Installation and Deployment
Overview
This chapter describes how to install and deploy the Rubik component.
Software and Hardware Requirements
Hardware
- Architecture: x86 or AArch64
- Drive: 1 GB or more
- Memory: 100 MB or more
Software
- OS: openEuler 22.03-LTS
- Kernel: openEuler 22.03-LTS kernel
Environment Preparation
- Install the openEuler OS. For details, see the openEuler Installation Guide.
- Install and deploy Kubernetes. For details, see the Kubernetes Cluster Deployment Guide.
- Install the Docker or iSulad container engine. If the iSulad container engine is used, you need to install the isula-build container image building tool.
Installing Rubik
Rubik is deployed on each Kubernetes node as a DaemonSet. Therefore, you need to perform the following steps to install the Rubik RPM package on each node.
Configure the Yum repositories openEuler 22.03-LTS and openEuler 22.03-LTS:EPOL (the Rubik component is available only in the EPOL repository).

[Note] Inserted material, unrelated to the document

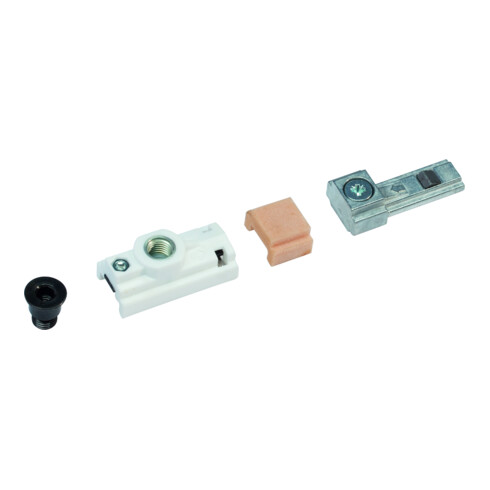 Dorma Rastfeststelleinheit f. TS 90 Impulse Öffnungsw. max. 145Grad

# openEuler 22.03-LTS official repository name=openEuler22.03 baseurl=https://repo.openeuler.org/openEuler-22.03-LTS/everything/$basearch/ enabled=1 gpgcheck=1 gpgkey=https://repo.openeuler.org/openEuler-22.03-LTS/everything/$basearch/RPM-GPG-KEY-openEuler
# openEuler 22.03-LTS:EPOL official repository name=Epol baseurl=https://repo.openeuler.org/openEuler-22.03-LTS/EPOL/$basearch/ enabled=1 gpgcheck=0
Install Rubik with root permissions.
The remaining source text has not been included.